ACTIVITY - Where the data below shows a picture, leave that picture out and copy the rest exactly.

RAW DATA -

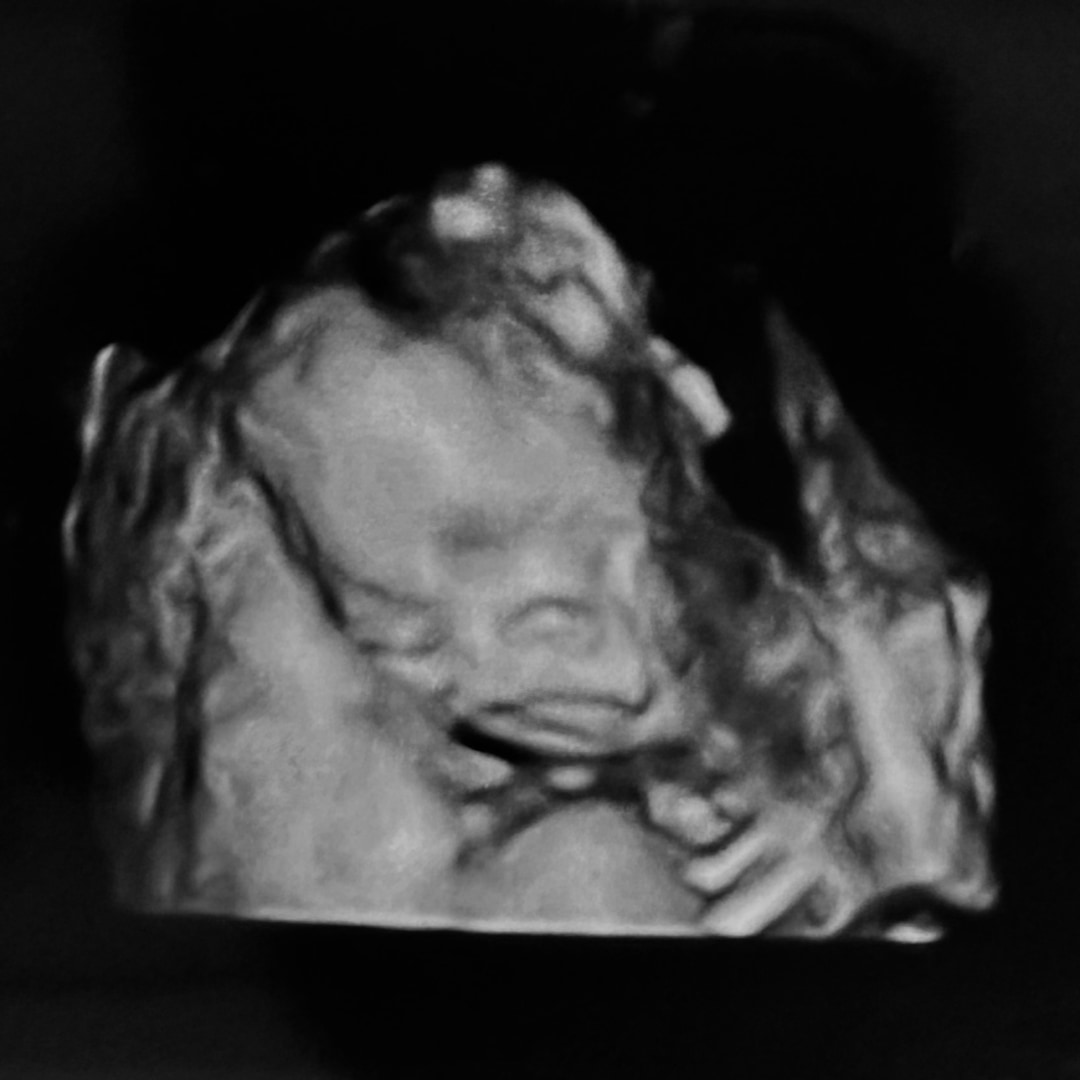 Photo shared by Asmel for their Babylist baby registry.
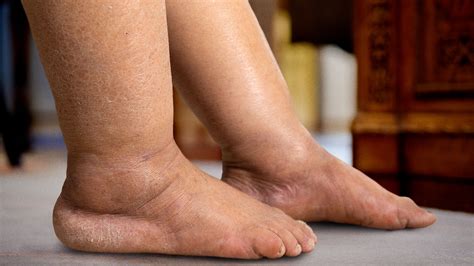 Trump Body Double Struggling To Get Leg Edema Just Right - The Onion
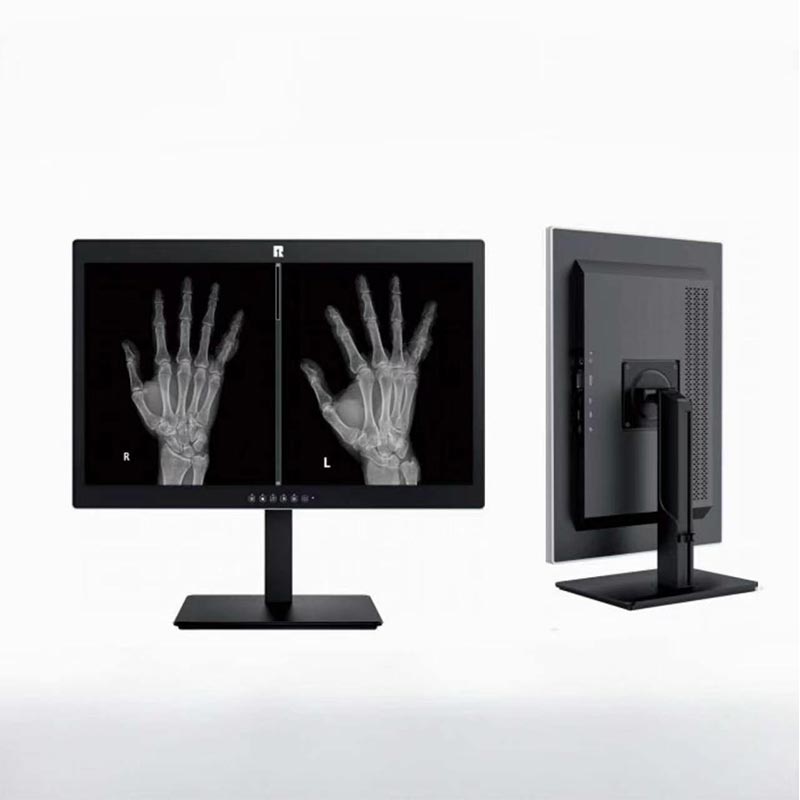 Monitor diagnostico medico da 2 MP da 24 pollici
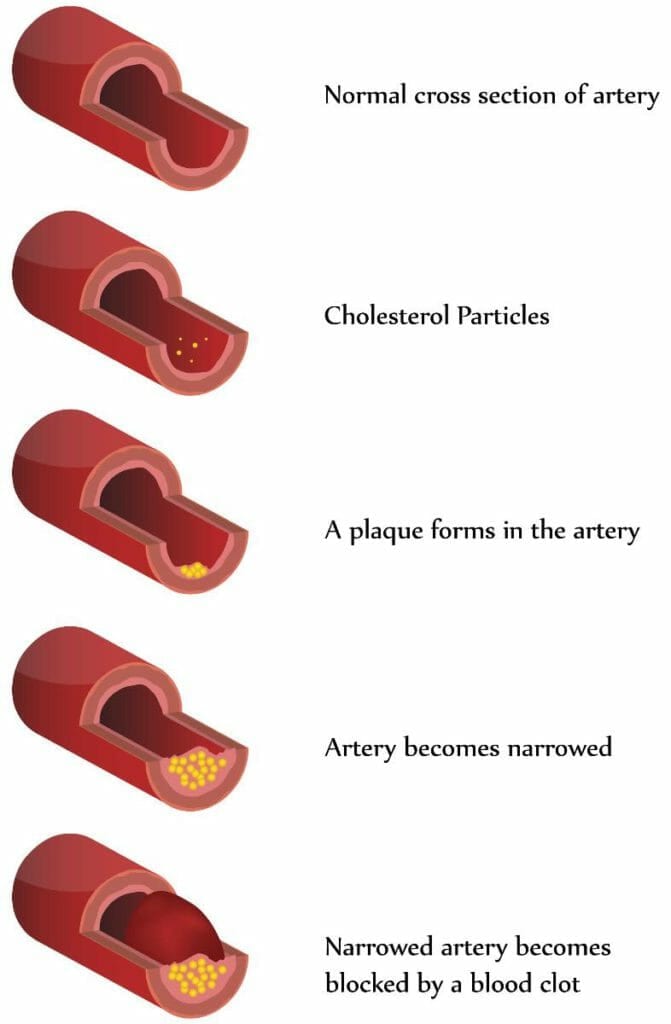 Can calcification of the arteries be reversed?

RESULT FOR THIS TASK -
 Photo shared by Asmel for their Babylist baby registry.
 Trump Body Double Struggling To Get Leg Edema Just Right - The Onion
 Monitor diagnostico medico da 2 MP da 24 pollici
 Can calcification of the arteries be reversed?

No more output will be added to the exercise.